**WORK ITEM:** Once you reach the line containing "Anthony Armendarez campaign photo 18" in the entries below, write out that line and each one after it down to the line containing "Vente Appartement Saint-Raphaël", exactly and with nothing added.
○ ○ ○ ○ ○
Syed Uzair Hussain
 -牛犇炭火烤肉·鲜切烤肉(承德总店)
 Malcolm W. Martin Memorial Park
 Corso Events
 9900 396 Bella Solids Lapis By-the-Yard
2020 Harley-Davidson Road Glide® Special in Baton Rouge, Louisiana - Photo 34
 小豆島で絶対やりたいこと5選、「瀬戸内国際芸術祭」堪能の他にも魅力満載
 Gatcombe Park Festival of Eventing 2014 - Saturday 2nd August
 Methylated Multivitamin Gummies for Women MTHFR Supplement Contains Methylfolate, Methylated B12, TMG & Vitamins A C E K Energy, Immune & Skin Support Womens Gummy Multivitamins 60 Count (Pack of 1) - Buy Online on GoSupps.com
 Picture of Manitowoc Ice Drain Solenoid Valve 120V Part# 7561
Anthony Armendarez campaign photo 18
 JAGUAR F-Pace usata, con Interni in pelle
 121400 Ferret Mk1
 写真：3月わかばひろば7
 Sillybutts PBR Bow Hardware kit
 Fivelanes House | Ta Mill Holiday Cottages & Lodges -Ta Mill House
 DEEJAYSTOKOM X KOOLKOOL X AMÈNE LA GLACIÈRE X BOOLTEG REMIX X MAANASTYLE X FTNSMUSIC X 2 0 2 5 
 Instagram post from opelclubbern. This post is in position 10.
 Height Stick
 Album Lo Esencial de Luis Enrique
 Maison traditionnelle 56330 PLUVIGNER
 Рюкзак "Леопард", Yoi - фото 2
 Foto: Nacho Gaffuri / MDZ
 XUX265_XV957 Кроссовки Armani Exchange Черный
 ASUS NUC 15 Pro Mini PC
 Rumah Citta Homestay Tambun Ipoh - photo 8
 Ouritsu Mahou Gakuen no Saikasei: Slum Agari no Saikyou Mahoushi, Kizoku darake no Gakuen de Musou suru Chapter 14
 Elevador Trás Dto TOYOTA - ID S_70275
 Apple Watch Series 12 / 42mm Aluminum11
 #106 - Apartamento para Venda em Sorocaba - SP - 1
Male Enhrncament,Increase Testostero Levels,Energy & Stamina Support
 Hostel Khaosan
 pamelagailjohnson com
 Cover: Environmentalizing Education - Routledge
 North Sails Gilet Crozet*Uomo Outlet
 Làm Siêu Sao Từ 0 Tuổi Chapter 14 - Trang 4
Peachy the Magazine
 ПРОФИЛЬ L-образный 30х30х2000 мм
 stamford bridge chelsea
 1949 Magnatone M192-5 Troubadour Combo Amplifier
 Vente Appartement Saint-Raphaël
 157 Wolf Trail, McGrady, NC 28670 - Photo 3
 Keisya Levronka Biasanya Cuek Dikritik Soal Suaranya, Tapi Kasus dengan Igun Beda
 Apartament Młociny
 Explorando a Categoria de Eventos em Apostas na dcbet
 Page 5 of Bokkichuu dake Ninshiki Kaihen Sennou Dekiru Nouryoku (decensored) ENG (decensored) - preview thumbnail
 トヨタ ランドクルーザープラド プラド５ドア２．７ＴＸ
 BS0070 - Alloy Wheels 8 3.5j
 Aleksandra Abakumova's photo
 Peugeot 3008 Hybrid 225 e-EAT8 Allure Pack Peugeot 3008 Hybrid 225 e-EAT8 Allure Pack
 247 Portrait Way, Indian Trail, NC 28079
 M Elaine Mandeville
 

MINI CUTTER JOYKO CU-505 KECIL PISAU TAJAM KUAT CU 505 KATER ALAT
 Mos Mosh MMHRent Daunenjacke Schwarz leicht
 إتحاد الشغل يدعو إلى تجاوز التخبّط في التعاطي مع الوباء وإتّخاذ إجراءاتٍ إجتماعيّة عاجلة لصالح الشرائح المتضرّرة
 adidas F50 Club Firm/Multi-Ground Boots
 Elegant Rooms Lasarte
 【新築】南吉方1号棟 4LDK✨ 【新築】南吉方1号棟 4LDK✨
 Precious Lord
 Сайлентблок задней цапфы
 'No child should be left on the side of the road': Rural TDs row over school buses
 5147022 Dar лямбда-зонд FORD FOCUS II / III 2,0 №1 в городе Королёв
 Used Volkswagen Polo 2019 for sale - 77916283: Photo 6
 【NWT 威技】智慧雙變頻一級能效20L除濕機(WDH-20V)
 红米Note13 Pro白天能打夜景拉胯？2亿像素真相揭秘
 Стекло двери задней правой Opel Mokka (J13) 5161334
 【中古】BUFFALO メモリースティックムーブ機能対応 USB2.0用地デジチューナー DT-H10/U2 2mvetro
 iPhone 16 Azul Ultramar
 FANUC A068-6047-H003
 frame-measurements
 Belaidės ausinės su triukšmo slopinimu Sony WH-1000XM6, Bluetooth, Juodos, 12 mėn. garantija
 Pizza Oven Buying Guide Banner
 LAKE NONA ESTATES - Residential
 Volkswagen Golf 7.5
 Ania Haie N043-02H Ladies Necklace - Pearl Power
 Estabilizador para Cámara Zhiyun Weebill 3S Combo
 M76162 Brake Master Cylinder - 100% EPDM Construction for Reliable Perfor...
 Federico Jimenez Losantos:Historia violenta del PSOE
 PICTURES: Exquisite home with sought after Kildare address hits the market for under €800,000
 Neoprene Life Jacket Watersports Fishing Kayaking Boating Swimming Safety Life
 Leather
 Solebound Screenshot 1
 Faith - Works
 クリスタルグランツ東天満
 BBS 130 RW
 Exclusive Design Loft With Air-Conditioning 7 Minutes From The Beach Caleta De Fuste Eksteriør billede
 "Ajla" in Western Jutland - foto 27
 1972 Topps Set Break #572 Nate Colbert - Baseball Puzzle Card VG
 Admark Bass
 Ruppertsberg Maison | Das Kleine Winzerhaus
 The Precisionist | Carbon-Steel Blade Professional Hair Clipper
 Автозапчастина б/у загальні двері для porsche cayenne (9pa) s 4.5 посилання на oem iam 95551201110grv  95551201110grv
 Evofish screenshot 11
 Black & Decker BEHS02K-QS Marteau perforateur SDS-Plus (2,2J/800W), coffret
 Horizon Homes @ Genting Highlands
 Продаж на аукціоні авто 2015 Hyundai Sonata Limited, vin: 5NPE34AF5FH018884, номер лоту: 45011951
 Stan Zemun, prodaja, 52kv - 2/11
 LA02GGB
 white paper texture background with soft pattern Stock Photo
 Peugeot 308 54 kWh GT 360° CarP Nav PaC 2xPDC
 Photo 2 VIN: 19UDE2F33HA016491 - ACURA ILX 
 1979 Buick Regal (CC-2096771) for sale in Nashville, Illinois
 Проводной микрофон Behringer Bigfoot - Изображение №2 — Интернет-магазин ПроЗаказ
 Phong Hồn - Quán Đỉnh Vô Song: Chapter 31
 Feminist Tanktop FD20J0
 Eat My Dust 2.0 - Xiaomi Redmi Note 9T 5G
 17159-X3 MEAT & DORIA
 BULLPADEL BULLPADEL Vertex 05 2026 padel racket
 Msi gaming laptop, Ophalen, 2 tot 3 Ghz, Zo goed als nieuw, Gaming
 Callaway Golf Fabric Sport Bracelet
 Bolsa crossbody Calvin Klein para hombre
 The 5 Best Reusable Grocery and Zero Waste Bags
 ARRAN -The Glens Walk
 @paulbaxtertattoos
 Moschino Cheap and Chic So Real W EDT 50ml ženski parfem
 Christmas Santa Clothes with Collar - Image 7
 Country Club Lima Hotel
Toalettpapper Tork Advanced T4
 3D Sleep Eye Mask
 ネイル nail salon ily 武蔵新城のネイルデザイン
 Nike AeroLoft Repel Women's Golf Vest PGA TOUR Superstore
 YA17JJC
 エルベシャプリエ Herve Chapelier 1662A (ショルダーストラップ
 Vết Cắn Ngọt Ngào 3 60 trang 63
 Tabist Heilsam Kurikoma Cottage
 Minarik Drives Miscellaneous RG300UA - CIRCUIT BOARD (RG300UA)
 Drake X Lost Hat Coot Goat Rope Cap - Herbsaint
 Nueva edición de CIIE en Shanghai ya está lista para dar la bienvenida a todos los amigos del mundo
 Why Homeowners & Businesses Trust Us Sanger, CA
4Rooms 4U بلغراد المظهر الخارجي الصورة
○ ○ ○ ○ ○
**RESPONSE:**
Anthony Armendarez campaign photo 18
 JAGUAR F-Pace usata, con Interni in pelle
 121400 Ferret Mk1
 写真：3月わかばひろば7
 Sillybutts PBR Bow Hardware kit
 Fivelanes House | Ta Mill Holiday Cottages & Lodges -Ta Mill House
 DEEJAYSTOKOM X KOOLKOOL X AMÈNE LA GLACIÈRE X BOOLTEG REMIX X MAANASTYLE X FTNSMUSIC X 2 0 2 5 
 Instagram post from opelclubbern. This post is in position 10.
 Height Stick
 Album Lo Esencial de Luis Enrique
 Maison traditionnelle 56330 PLUVIGNER
 Рюкзак "Леопард", Yoi - фото 2
 Foto: Nacho Gaffuri / MDZ
 XUX265_XV957 Кроссовки Armani Exchange Черный
 ASUS NUC 15 Pro Mini PC
 Rumah Citta Homestay Tambun Ipoh - photo 8
 Ouritsu Mahou Gakuen no Saikasei: Slum Agari no Saikyou Mahoushi, Kizoku darake no Gakuen de Musou suru Chapter 14
 Elevador Trás Dto TOYOTA - ID S_70275
 Apple Watch Series 12 / 42mm Aluminum11
 #106 - Apartamento para Venda em Sorocaba - SP - 1
Male Enhrncament,Increase Testostero Levels,Energy & Stamina Support
 Hostel Khaosan
 pamelagailjohnson com
 Cover: Environmentalizing Education - Routledge
 North Sails Gilet Crozet*Uomo Outlet
 Làm Siêu Sao Từ 0 Tuổi Chapter 14 - Trang 4
Peachy the Magazine
 ПРОФИЛЬ L-образный 30х30х2000 мм
 stamford bridge chelsea
 1949 Magnatone M192-5 Troubadour Combo Amplifier
 Vente Appartement Saint-Raphaël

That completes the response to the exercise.